Keith was presented by the commissioners for George Keith, 10th Earl Marischal, 9 May 1776, to the living of Keith-Hall and Kinkell, Caskieben, Aberdeen. A legal difficulty arose when, the following day, the Earl Marischal himself, then resident in Potsdam, gave a presentation to Thomas Tait, minister of Old Machar. After legal proceedings in the church courts and the court of session, the case was finally decided in Keith's favour by the House of Lords in April 1778 and he was ordained to the living on 14 May 1778. He received the degree of D.D. from Marischal College in May 1803. He was translated from Keith-Hall to Tulliallan, Perthshire, by George Keith Elphinstone, Viscount Keith, and admitted on 18 July 1822.

Keith was an active minister who cultivated his glebe to support his family. He died at Tulliallan House on 7 March 1823, aged 70, and was buried in the churchyard of Keith-Hall, his old parish. A tablet of white marble was erected to his memory by Aberdeenshire gentry.

==Works==
Keith's major work was General View of the Agriculture of Aberdeenshire, London, 1811, for the Board of Agriculture surveys. In an appendix are Observations on British Grasses, and a Short Account of Two Journeys undertaken with a View to ascertain the Elevation of the principal Mountains in the Division of Marr. Other publications were:

- Sermons and Discourses on several Occasions, London, 1785.
- Tracts on Weights, Measures, and Coins, London, 1791.
- Tracts on the Reform of the British Constitution, Edinburgh, 1793.
- An Impartial and Comprehensive View of the Present State of Great Britain, London, 1797. A humorous appendix gives an allegorical representation of parts of the inquiry, as Sketches of the History of John Bull, Farmer and Manufacturer.
- Observations on the Sale of Corn by Weight, Aberdeen, 1797.
- Address … respecting Chapels of Ease, n.p. 1797 (anon.)
- Dissertation on the Excellence of the British Constitution (Blackwell prize dissertation), Aberdeen, 1800.
- Particular Examination of the new French Constitution, Aberdeen, 1801.
- Embarrassments affecting the Interests of Agriculture, Aberdeen, 1823.

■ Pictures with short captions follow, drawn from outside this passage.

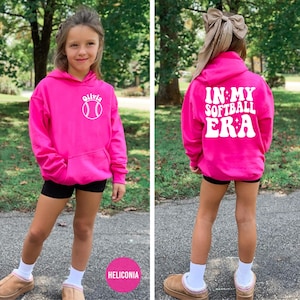 May include: A bright pink hoodie with a front pocket and white text. The front of the hoodie has the name "Olivia" and a softball graphic. The back of the hoodie says "IN MY SOFTBALL ERA" in white text. The hoodie is worn by a person.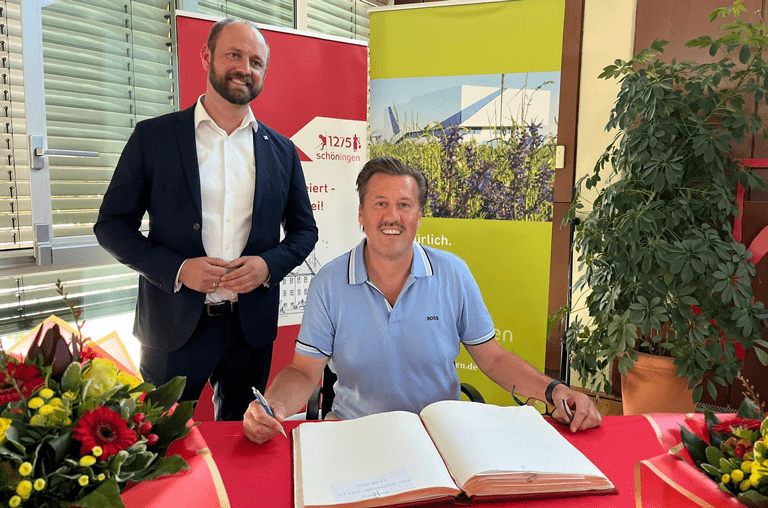 FSV Trainer unterschreibt in das Goldene Buch der Stadt Schöningen. Bürgermeister Malte Schneider hinter ihm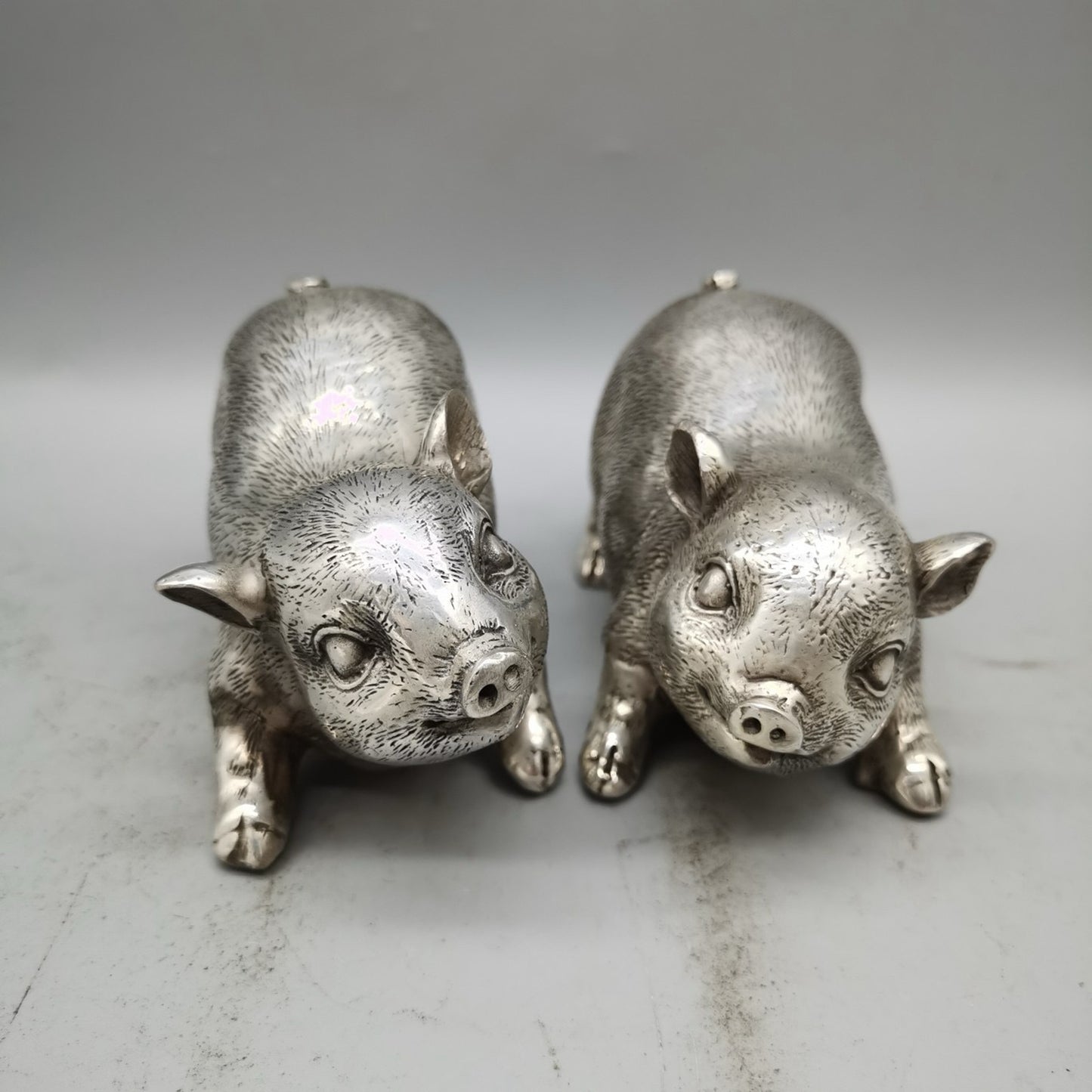 A pair of Chinese pure copper silver plated piglets for home and living room decoration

Keith wrote the account of Keith-Hall and Kinkell for Sir John Sinclair's Statistical Account of Scotland (1791). He edited the Lectures on Ecclesiastical History by his friend George Campbell, with a memoir (1800). He published also sermons and addresses.

===Weights and measures===
Keith investigated methods for equalising weights and measures, and supported the adoption of the seconds pendulum as a standard. His plan was put before a committee of parliament in January 1790 by Sir John Riggs Miller, who intended to bring in a bill on the subject; but the dissolution of parliament intervened. Sir Joseph Banks praised Keith's pamphlet Synopsis of a System of Equalization of Weights and Measures of Great Britain 1791. In 1817 Keith published Different Methods of establishing an Uniformity of Weights and Measures, London.

===Malt tax===
In 1798 Keith gave evidence before the Scottish distillery committee of the House of Commons on the malt tax, an excise duty. In 1799, at the request of the committee and of the Scottish board of excise, he made a series of experiments in distillation; his results were printed in the appendix to the committee's report, 1798–9. He made further experiments in 1802–3 for the commissioners of excise in Scotland.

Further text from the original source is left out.